2004 superhero cartoon

Rating: 16/20 (Abbey: 20/20)

Plot: Bob and Helen Incredible, out-of-work superheroes, try to adjust to normal-person life after saving the world's been outlawed. Helen takes care of their three children while Bob works in a cubicle he barely fits into. On the side, Bob secretly meets with his friend Samuel L. Jackson to park and listen to police scanners and catch some motherfucking criminals. One day, he's contacted by a mysterious woman with a job offer involving the travel to an island and destroy a robot ball. Since Bob just lost his job, he eagerly takes the job but soon discovers that he might be in for more than he bargained for.

See, these are the characters the Pixar folk should be working to bring back to the screen. Those cars and those monsters were fine, but there are so many stories that these characters could be used to tell. Not that this is my favorite Pixar movie. It's not.
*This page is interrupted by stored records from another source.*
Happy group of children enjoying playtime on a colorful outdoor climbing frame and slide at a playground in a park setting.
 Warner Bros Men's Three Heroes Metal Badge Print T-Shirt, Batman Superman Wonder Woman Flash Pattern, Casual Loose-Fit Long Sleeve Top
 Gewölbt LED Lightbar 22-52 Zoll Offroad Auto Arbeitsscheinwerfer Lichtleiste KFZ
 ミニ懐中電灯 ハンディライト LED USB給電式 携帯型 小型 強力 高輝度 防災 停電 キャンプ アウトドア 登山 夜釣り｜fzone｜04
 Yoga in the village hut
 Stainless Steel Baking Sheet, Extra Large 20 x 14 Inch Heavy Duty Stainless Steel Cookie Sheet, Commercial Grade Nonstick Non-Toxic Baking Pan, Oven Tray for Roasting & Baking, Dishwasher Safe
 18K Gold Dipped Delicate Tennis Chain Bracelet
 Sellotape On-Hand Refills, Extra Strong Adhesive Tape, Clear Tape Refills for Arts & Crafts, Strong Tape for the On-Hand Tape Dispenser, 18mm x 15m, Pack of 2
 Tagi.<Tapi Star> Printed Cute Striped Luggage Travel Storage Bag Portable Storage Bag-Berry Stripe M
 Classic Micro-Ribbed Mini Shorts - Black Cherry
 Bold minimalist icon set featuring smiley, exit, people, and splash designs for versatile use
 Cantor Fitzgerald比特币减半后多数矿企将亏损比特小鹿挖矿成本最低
But it is an exciting story, cool in a James Bond sort of way, and animated with a great attention to detail. The island scenery is realistic, and there's a depth to the animation, especially during scenes where the little fast guy is zipping around where it's impossible to see everything regardless of how much you slow things down. In 2004, it didn't seem like the CGI magicians had quite worked out making people or their movements realistic. Watching this on the big screen, I was impressed with the movements of the human characters, not just because of the semi-realism but because they moved, gesticulated, and grimaced with personality. I especially liked flamboyant Buddy (Jason Lee) and sarcastic and smirking Helen (Holly Hunter). There are still some moments where things just don't look quite right. Helen's butt looks weird in some shots (yeah, I looked), but that might be because I don't understand the physics of an elastic posterior. My favorite two characters are a pair of minor characters, both of diminutive stature. I love every hilarious moment Edna Mode's on the screen, and the fact that director Brad Bird actually does her voice is awesome. And the always-wonderful Wallace Shawn voices Bob's boss, a perfect depiction of Napoleon Complex. The narrative's exciting, tossing you around with some twists and turns, and the music is just as incredible as the titular Incredibles. As with all of Pixar's movies (now they really are all on the blog), there's a lot here for both big people and their kiddies to enjoy. Maybe the big people just a little bit more though.

Tuesday, March 29, 2011

Megamind

2010 Dreamworks movie

Rating: 14/20


Plot: The titular big-blue-headed supervillain, after a life living in the shadow of his heroic arch-nemesis Metro Man, finally defeats his foe and wins control over Metro City. But the criminal mastermind, despite also sort of getting the girl, soon gets bored without the yin to his yang and creates a new superhero to fight against. When the new superhero turns out to be corrupt, Megamind, for the first time, has to try to save the city instead of destroy it.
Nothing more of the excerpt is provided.